Physics-Based and Closed-Form Model for Cryo-CMOS Subthreshold Swing

TL;DR

This paper introduces a physics-based, closed-form model for the subthreshold swing in cryogenic CMOS devices, enabling fast and accurate predictions of device behavior at low temperatures relevant for quantum computing and high-performance applications.

Contribution

It derives a novel closed-form analytical model for the subthreshold swing saturation trend from room temperature to cryogenic temperatures, improving upon previous empirical models.

Findings

Model accurately fits experimental data from 28-nm CMOS devices at 4.2 K.

Captures the full saturating trend of subthreshold swing at cryogenic temperatures.

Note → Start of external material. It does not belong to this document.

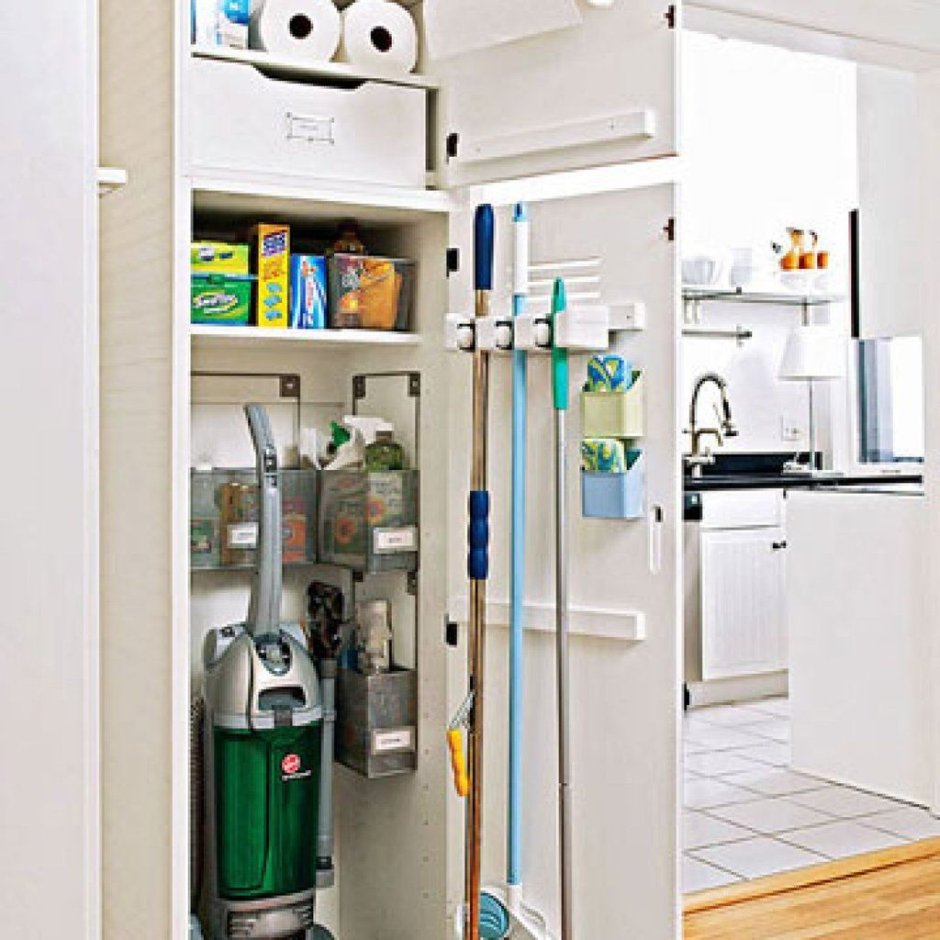 Коробка для хранения пылесоса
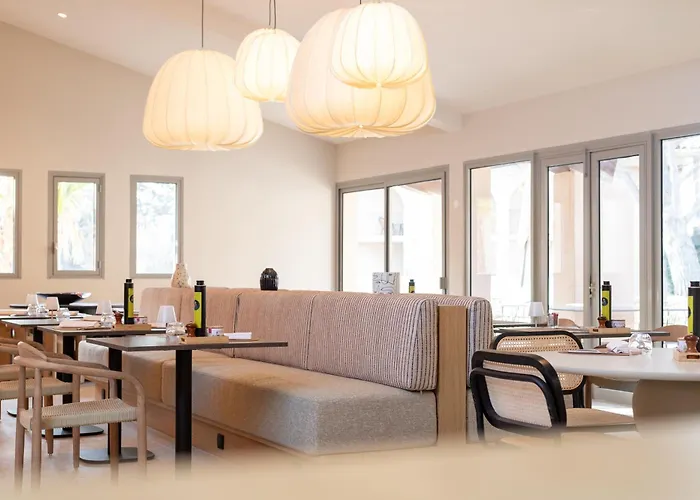 Golden Tulip Avignon Le Paradou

Provides a practical tool for device design and benchmarking in cryogenic electronics.

Abstract

Cryogenic semiconductor device models are essential in designing control systems for quantum devices and in benchmarking the benefits of cryogenic cooling for high-performance computing. In particular, the saturation of subthreshold swing due to band tails is an important phenomenon to include in low-temperature analytical MOSFET models as it predicts theoretical lower bounds on the leakage power and supply voltage in tailored cryogenic CMOS technologies with tuned threshold voltages. Previous physics-based modeling required to evaluate functions with no closed-form solutions, defeating the purpose of fast and efficient model evaluation. Thus far, only the empirically proposed expressions are in closed form. This article bridges this gap by deriving a physics-based and closed-form model for the full saturating trend of the subthreshold swing from room down to low temperature. The proposed model is compared against experimental data taken on some long and short devices from a commercial 28-nm bulk CMOS technology down to 4.2 K.